Month: February 2013

  • Video entry

    my love.  piano and pas de deux.  

  • Sylvia Plath

    “Mad Girl's Love Song

    I shut my eyes and all the world drops dead;
    I lift my lids and all is born again.
    (I think I made you up inside my head.)

    The stars go waltzing out in blue and red,
    And arbitrary blackness gallops in:
    I shut my eyes and all the world drops dead.

    I dreamed that you bewitched me into bed
    And sung me moon-struck, kissed me quite insane.
    (I think I made you up inside my head.)

    God topples from the sky, hell's fires fade:
    Exit seraphim and Satan's men:
    I shut my eyes and all the world drops dead.

    I fancied you'd return the way you said,
    But I grow old and I forget your name.
    (I think I made you up inside my head.)

    I should have loved a thunderbird instead;
    At least when spring comes they roar back again.
    I shut my eyes and all the world drops dead.
    (I think I made you up inside my head.)” 
    ― Sylvia Plath

     

     

    This was a poem I loved when I read it in school.  I came across it today, and I didn't want to just let it fade away again.  One of the reasons I read The Bell Jar.  I love Sylvia.

     

    Leah K.

  • Definition Entry

    Accommodating

    willing to please : helpfulobliging

    accommodating - helpful in bringing about a harmonious adaptation

     

    obliging - showing a cheerful willingness to do favors for others

     

     

    This hasn't been a positive thing in my life all the time.   Like Today.  It has been stupid today.   And last weekend.  And the weekend before.  And at work.  I don't want to make this situation comfortable for you by sacrificing my comfort or my daughter's comfort.  I also don't want this situation to be more comfortable for your children at the expense of their benefit in the long run.  But I am this way, and I don't just not say no.  I say yes and how would you like it.    What's best for you?  

    Leah K.

  • Journal Entry

    I'm proud of myself for finishing the Love Parade.  

    One of the things I am best at is denial.  I deny my feelings.  I deny things that happen.  I push past relationships out of my head never to be thought of.  

    That is one of the reasons I repeat the same people over and over.   The hurt.  The reasons we didn't work the first time.  I shut it out.  I don't forget or forgive.  I ignore.  This really means I am lying to myself.  I tell myself things are not a big deal.  I don't learn from my mistakes.  

    My mistakes?  For a long time I have refused to examine my mistakes.  For being such an introspective person, I have failed when it comes to relationships.   I have examined why I work in the field I work in.  I have examined why I suck at school.  I have examined how I feel about my parents and my childhood.  Everyday, I criticize myself for my shortcomings as a mom and as a teacher.  I do not, however, think about how to have better relationships or what went wrong with the ones I already had.  

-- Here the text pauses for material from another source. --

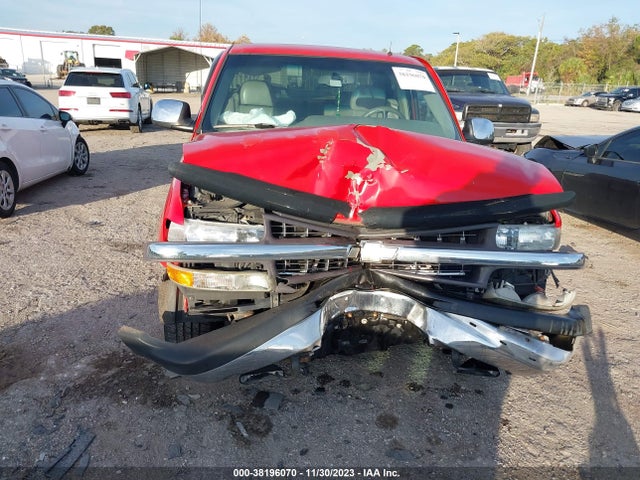 2002 CHEVROLET SILVERADO 1500 LT VIN: 2GCEC19T021325710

    One clue on this subject was the complete lack of Xanga entries about these guys.   Xanga is where I come to figure things out.  It's where I come to put my thoughts in order.  Yet, I don't use it to resolve my relationship issues.   And boy do I need some resolution.  I go from completely avoiding the spark on a daily basis to jumping head first into a fire asking to get burned.  The fires have slowly evolved into larger and larger infernos.  (this girl is on fiiiiyaaa!)  

    OK.  Here I go.   

    So, what went wrong?   with 2-12, I was searching for the wrong thing.   I wanted that surface romance.  He thinks I'm pretty.  He likes the same music.  We have fun, and laugh all the time, and do silly things.  We don't believe the same things.  We don't want the same things out of life.  Our views of family and money and home are not even discussed.  We run on the assumption that getting along is what matters.  Getting along seems to be the least important aspect to me now.  I don't count #1 in that category because we actually did get deep.  We knew/know each other so well it was never a surprise how we wanted our lives to end up.  The getting along was a problem sometimes.  Our personalities are contradicting.   

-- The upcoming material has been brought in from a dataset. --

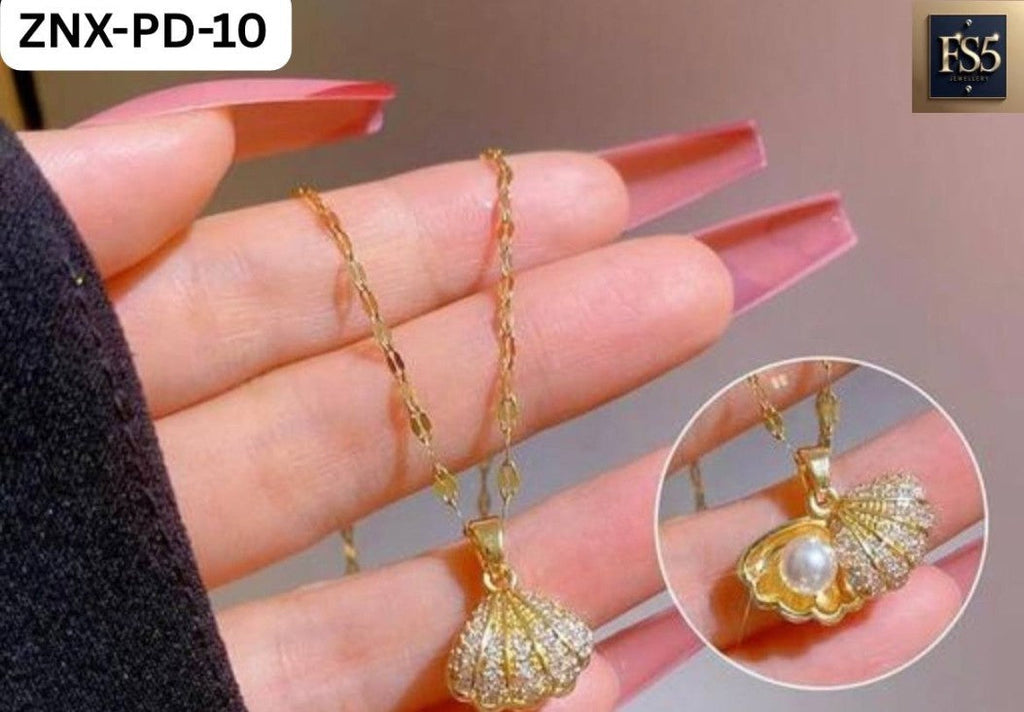 Gold Seashell Pendant Necklace – Pearl Accent & Elegant Design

    So what is my excuse for FS and my second sashay with Lance?  These are the ones that really worry me.  I know that I approached these relationships in opposing ways.  With Lance I trusted his words.  I trusted his motives when I knew better, and I shouldn't have because I was wrong.  On the other hand, I doubted every positive thing FS said to me.  I was untrusting of his proclamations of affection.  I didn't put weight on them.  I didn't return them, and therefore didn't hold him accountable.   I still don't know for sure if it was truth or just empty words.  At one point I actually thought it was all an act and was a calculated attempt just to hurt me.  The stupid truth is that Lance has given me every reason to mistrust him, and FS has given me none.   My draw to Lance was the real possibility of meshing our lives together.  How easily he would take care of me, and we would work together.   My draw to FS was this dream life he possessed.   He could take me places.  Something completely different than the life I'm living, and a lot closer to the life I always dreamed about.  A little bit unrealistic, and unattainable.  

    So for the future?

    I need someone who wants the same life I do.  And maybe I don't know what that is yet.  And maybe I'm completely wrong.   If it's all about the trust and openness, I'm screwed.  

    This might be why I never do this.  I can't ever conclude anything.  I can't figure out the secret.  Useless introspection is not nice.  

    Leah K.

  • Love Parade (The final Story)

    #4, #11, #14, #16, #18.       

    I keep on fallin'
    In and out of love 
    With you
    Sometimes I love ya
    Sometimes u make me blue
    Sometimes I feel good
    At times I feel used
    Lovin you darlin'
    Makes me so confused

     

    I listened to this song today.  I thought it fit.  

    FS

    I have written posts about this guy on previous occasions.  FS stands for Feng Shui because he's fluent in Cantonese.  Then I turned it into Fifty Shades.  Let's add Fucking Sucks.  I was a very bad girl in my last post and actually gave away his real identity.   I'm tempted to do it again.  I'll just say that it wouldn't be a very difficult xanga archive scavenger hunt.  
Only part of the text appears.